1. Definition and Function of ISP

2. Components of ISP

3. Role and Workflow of ISP

4. Challenges and Development Trends of ISP

1. Definition and Function of ISP

The camera mainly consists of a lens, photosensitive elements, filters, an Image Signal Processor (ISP), and image transmission interfaces, as mentioned earlier.

From Novice to Expert in Autonomous Driving: Understanding Camera ISP

The ISP is the core component of the camera, primarily responsible for post-processing the raw signals output by the front-end photosensitive elements (CMOS/CCD). Through a series of complex algorithms, it processes image signals in real-time, ultimately outputting high-quality images. It is a key link in the camera imaging process and has a decisive impact on image quality. The functions of the ISP encompass all aspects of image processing, from initial signal processing to final image optimization, including automatic exposure (AE), automatic white balance (AWB), auto-focus (AF), bad pixel correction, noise reduction, strong light suppression, backlight compensation, color enhancement, lens shading correction, image cropping, color space conversion, and image stabilization.

The architecture of the ISP can be mainly divided into two types: external ISP and built-in ISP:

External ISP: An ISP chip is separately placed outside the Application Processor (AP) for image signal processing.

Built-in ISP: It is packaged inside the AP and closely integrated with it. In the fierce market competition, external ISP manufacturers that have survived typically have profound expertise in this field, accumulating rich experience in image quality debugging, and can provide better performance and results than built-in ISPs. Therefore, selecting high-quality external ISPs can provide professional and excellent image quality. The selection of external ISPs is generally not affected by the AP, allowing for the selection of the most suitable devices from a variety of excellent ISP chip suppliers to design more outstanding products.

However, external ISPs also mean higher costs.

2. Components of ISP

The ISP includes firmware and the logic part (software) running on it. It internally contains a Central Processing Unit (CPU), functional modules (SUB IP), image transmission interfaces (IF), and can be considered an independent System on Chip (SoC).

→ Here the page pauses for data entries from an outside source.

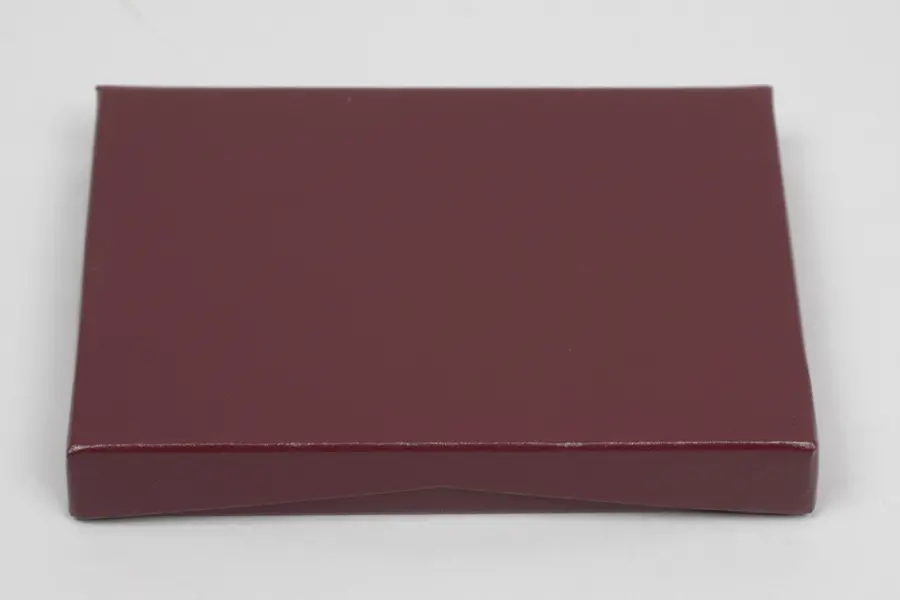 4-5/8X3-3/8X5/8 BURGUNDY LEATHER W/GOLD PAPER POP UP INSERT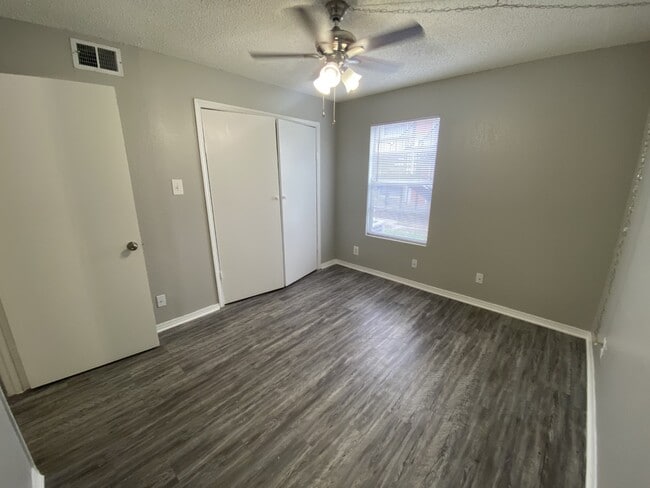 Photo - Edinburg Place Apartments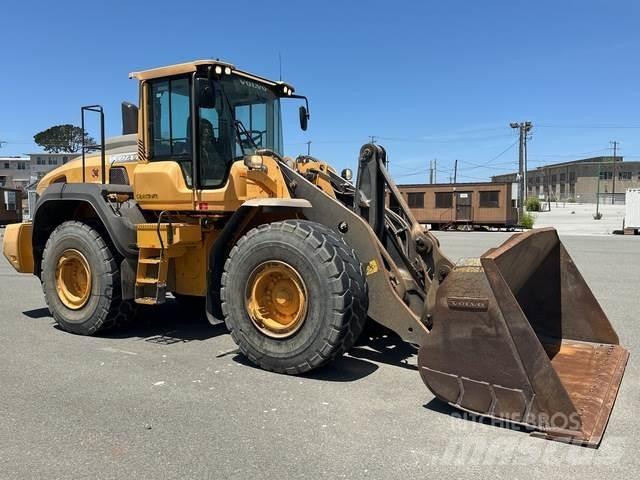 Volvo L120H Radlader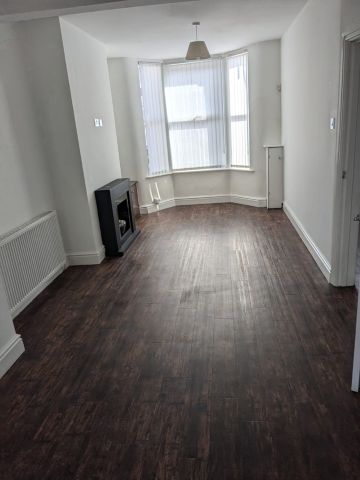 3 Bed Terraced House, Gidlow Road, L13 - Photo 2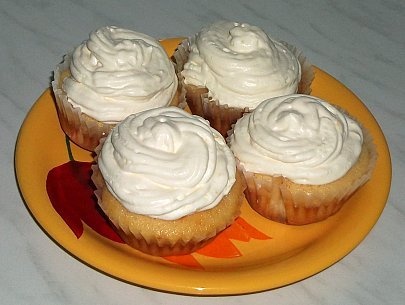 Briose cu crema de unt vanilat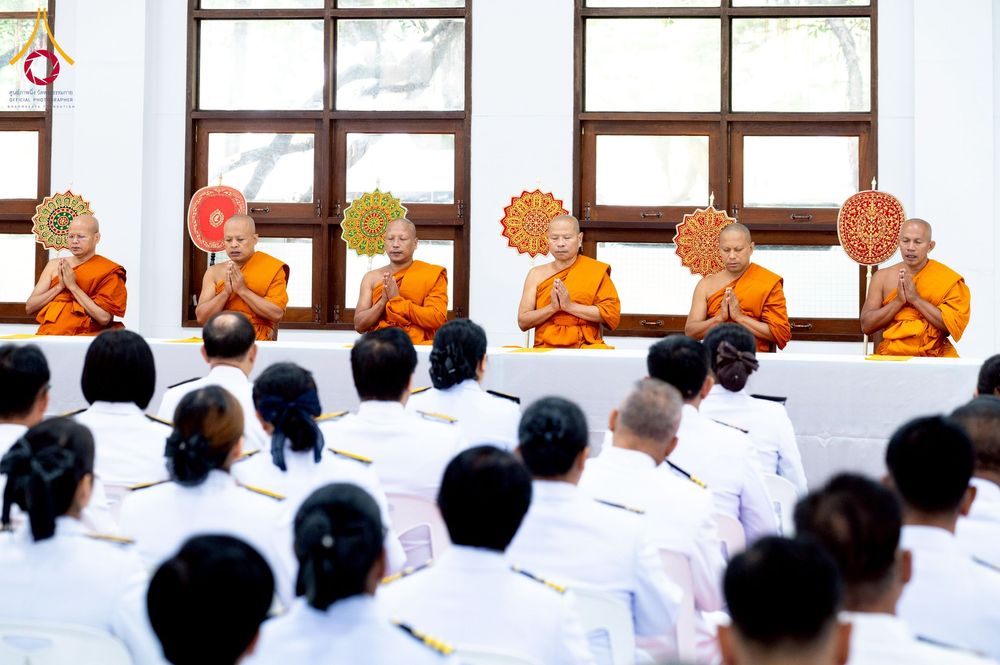 ภาพ No.237608:พิธีเจริญพระพุทธมนต์ ปฏิบัติธรรมเจริญสมาธิภาวนา และทำบุญตักบาตร ถวายพระราชกุศล เนื่องในโอกาสวันเฉลิมพระชนมพรรษา สมเด็จพระนางเจ้าสิริกิติ์ พระบรมราชินีนาถ พระบรมราชชนนีพันปีหลวง วันอังคารที่ 12 สิงหาคม พ.ศ. 2568  ณ อาคารปลูกศรัทธา 2 วัดพระธรรมกาย 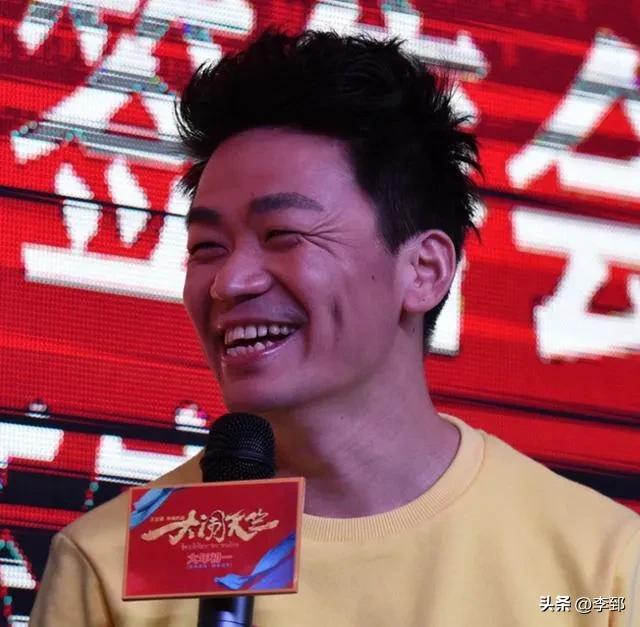 二字大寫怎么寫拼音，二字加一筆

CPU: The central processing unit can run various image processing algorithms such as AF (auto-focus), LSC (lens shading correction), and control peripheral devices. Modern ISPs generally have CPUs based on the ARM architecture, such as the ARM Cortex-A series, with Cortex-A5 and Cortex-A7 being common models suitable for entry-level smartphones, low-cost phones, and smart mobile devices. The ISP’s demand for real-time image processing requires the CPU to have high performance and low power consumption.

SUB IP: This is a general term for various functional modules that process images in their respective specialties. Common SUB IPs include DIS (Digital Image Stabilization), CSC (Color Space Conversion), and VRA (Visual Recognition Algorithm).

IF: The image transmission interface is mainly divided into two types: parallel ITU and serial CSI. In mobile camera and vehicle integrated machine fields, the MIPI-CSI interface is widely used to transmit image data and various custom data. MIPI CSI stands for Mobile Industry Processor Interface Camera Serial Interface, a high-performance, low-power, low-cost serial communication interface standard developed by the MIPI Alliance. MIPI CSI is mainly used to connect camera modules and processors, supporting high bandwidth data transmission. It includes application layer, protocol layer, and physical layer. The physical layer defines the transmission medium, electrical characteristics of input/output circuit signals, and clock mechanisms, with the main physical layer protocols being D-PHY, C-PHY, and A-PHY. Among them, D-PHY and C-PHY are mainly used for short-distance communication (e.g., a few centimeters, generally board-to-board communication), while A-PHY is suitable for long-distance communication (e.g., over ten meters) and is applied in automotive fields.

External ISPs generally include both MIPI-CSIS (Camera Serial Interface Sender) and MIPI-CSIM (Camera Serial Interface Master) interfaces, while built-in ISPs typically require only the MIPI-C-SIS interface.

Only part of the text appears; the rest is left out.